*** DATASET EXCERPT

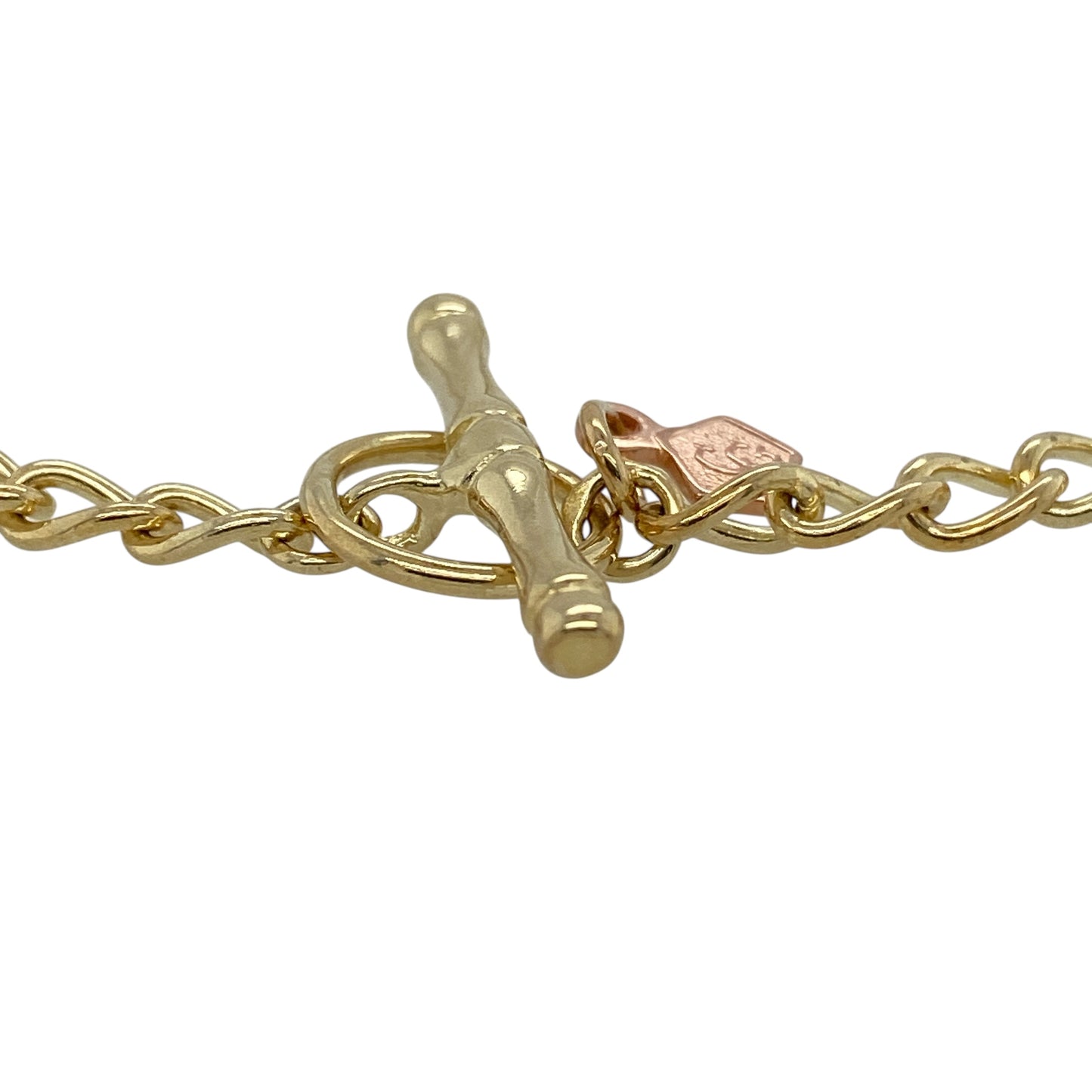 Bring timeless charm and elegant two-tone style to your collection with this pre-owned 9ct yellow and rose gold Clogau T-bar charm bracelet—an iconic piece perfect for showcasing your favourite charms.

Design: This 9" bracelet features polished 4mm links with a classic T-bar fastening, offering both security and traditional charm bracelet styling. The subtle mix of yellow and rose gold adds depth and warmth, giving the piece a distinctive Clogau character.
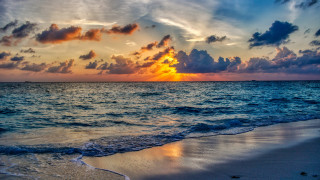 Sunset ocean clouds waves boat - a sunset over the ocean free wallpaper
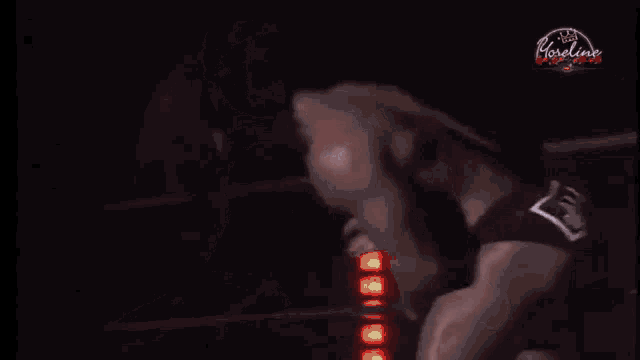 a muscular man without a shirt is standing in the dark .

******

GOAL OF THE EXERCISE
Restate the data above word for word. Skip every picture.

EXERCISE RESULT
 Bring timeless charm and elegant two-tone style to your collection with this pre-owned 9ct yellow and rose gold Clogau T-bar charm bracelet—an iconic piece perfect for showcasing your favourite charms.

Design: This 9" bracelet features polished 4mm links with a classic T-bar fastening, offering both security and traditional charm bracelet styling. The subtle mix of yellow and rose gold adds depth and warmth, giving the piece a distinctive Clogau character.
 Sunset ocean clouds waves boat - a sunset over the ocean free wallpaper
 a muscular man without a shirt is standing in the dark .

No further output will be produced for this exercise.